Palavra Contada Project (counting word)
The project aims to build an open web platform for learning math through the construction of narratives. The central challenge is to realize that mathematics is a cultural practice done with and by language.
At the outset, the results of the doctoral research will be systematized in a database of predetermined questions. The purpose of this bank is to make available for open consultation on the web examples of discursive analysis. These analyzes will serve as reference to those interested in the elaboration of discursive thinking as a linguistic tool of mathematical learning.
My story is the search for the union of numbers and words. Look at the numbers and see their movement in the language transformations. I have a hybrid training and this gave me different points of view on the same subject. I realized that math had to be looked upon as a narrative. An example of how useful this can be is learning code. Writing code is the union of letters and numbers through a programming language.
In 2008, after 10 years working with media and education had decided to study anthropology again. It had been a year since I had known data visualization and ethnomathematics, so I chose to study, then, anthropology of education. When I realized that many people had advanced mathematical knowledge because they had symbolic tools that enabled them to do so, I decided to study the digital interfaces in mathematical learning contexts through their symbols. Softwares such as geogebra, learning geometry and the like were the focus of the research.
My project was rejected as anthropological by CAPES. After realizing that what I was researching then was "world views" about math culturally expressed in graphics, I went to study linguistics. I was observing in the language how people thought mathematics. For that, I went to study the Brazilian Mathematical Olympiad, OBMEP, which has between 18 and 20 million students for more than 10 years. With the help of mathematics teachers, I had as material the best grades obtained and the tests to analyze how the answers were constructed linguistically.
Searching for the difficulty of learning Portuguese and mathematics was what made me think that it is necessary to think of tools that help the diversity of looks about mathematics. The myth of opposing mathematics, inverse to language, has generated functional, numerical, and technological illiteracy.
One way of perceiving the connection of numbers with the language is in the verb to count. You can tell stories, you can count numbers. In both cases, there is a situation of structure, either of the narrative or of the logic, of describing something.
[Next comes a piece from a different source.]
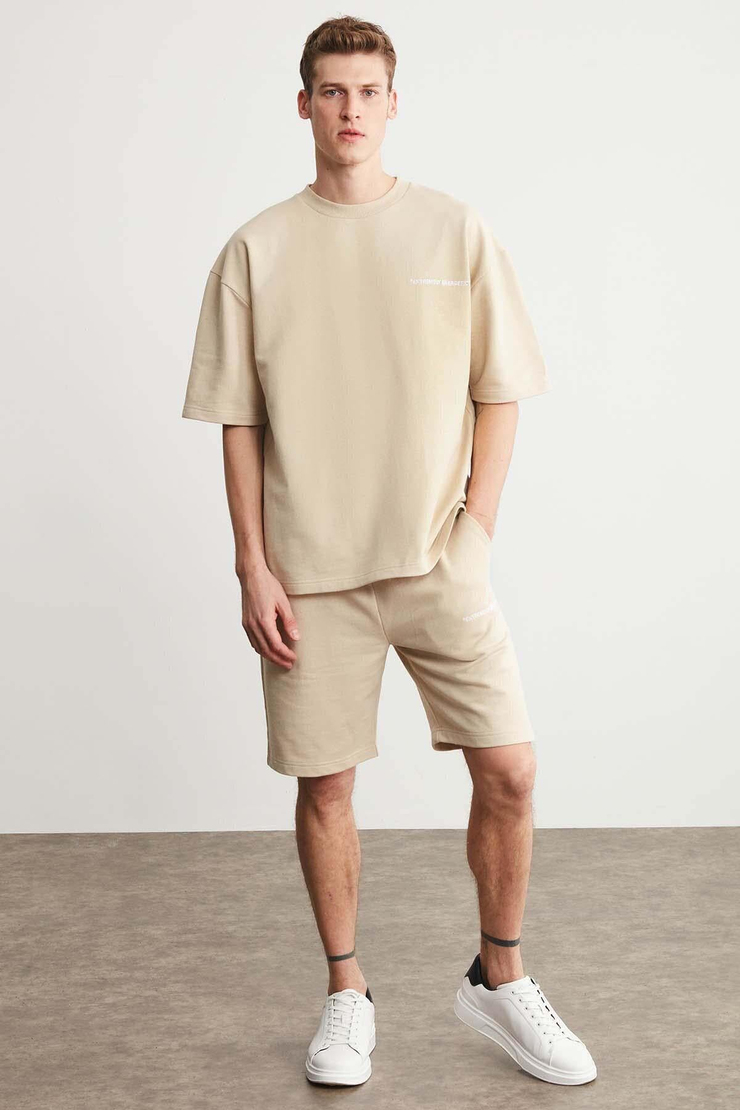 Buga Comfort Bej Şort & Bermuda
Thus, the union of two disciplines taught traditionally in a separate way can be thought of in learning mathematics as a proper activity of using language, an exact but creative activity.
There are studies that show that the difficulty that most people have with numbers is linguistic in nature: names, verbs and adjectives in mathematics have their own uses and the meaning of these is often different from that used in Portuguese classes.
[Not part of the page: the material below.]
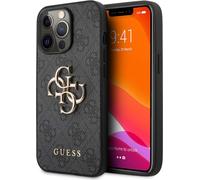 Guess Big 4G - Coque en métal avec logo - iPhone 13 Pro - Gris - GUHCP13L4GMGGR Noir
The current stage of the project is to create an online platform so that it is possible to try learning models that unify the teaching of Portuguese and mathematics from a practice of narrative construction.
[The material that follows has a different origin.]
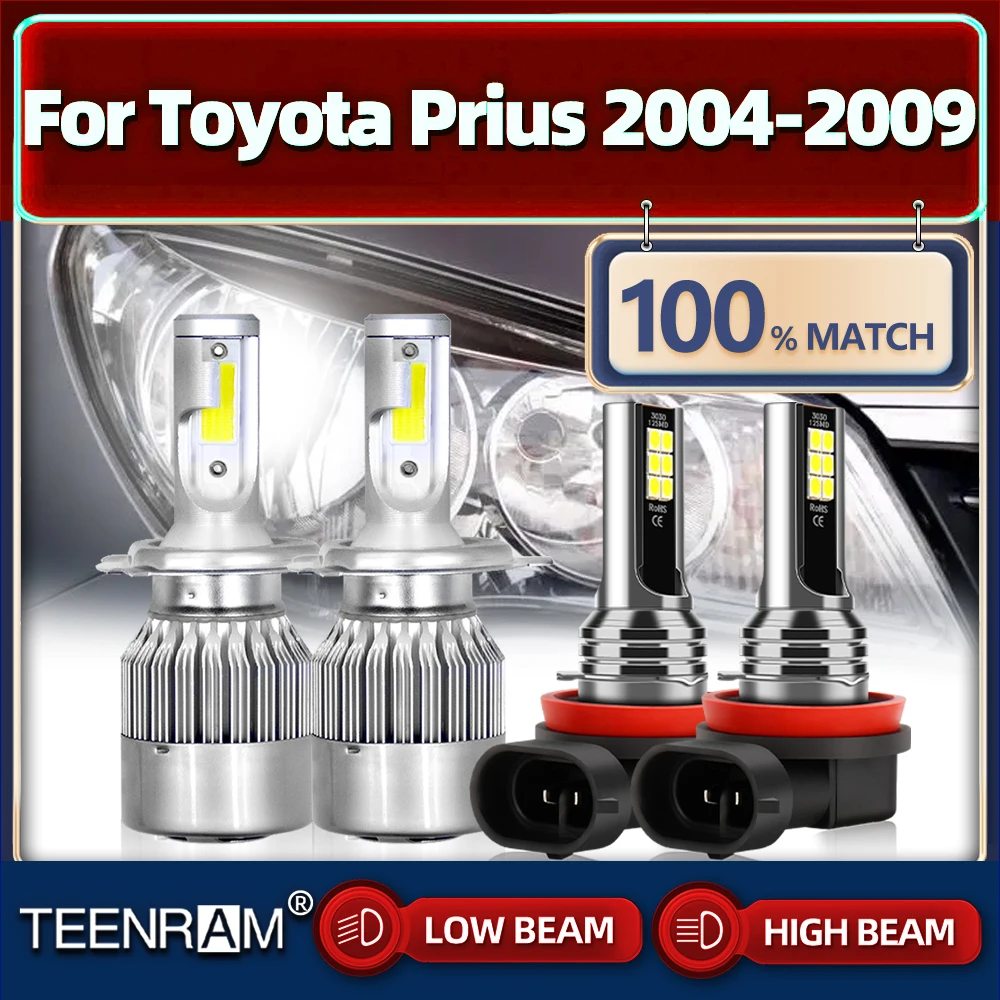 

Светодиодные лампы Canbus 240 Вт 40000LM дальнего ближнего света автомобиля 12 В 6000 К белые для Toyota Prius 2004 2005 2006 2007 2008 2009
There are still many points to be researched, among them, the code to implement the platform. People can collaborate with code. An initial idea is to use graphic libraries (SVG, D3) to produce a version that includes transformations of the problems in accordance with the desired narrative.
In an ideal scenario, the project provides a place where you can enter numeric operations and construct narratives to understand how to solve the problem. Or vice versa, you have a problem and can decompose the statement into parts to perform the numerical operations.
The major vision of the project is to contribute to Brazilian education, but more ambitiously for the way one looks at words and numbers in general.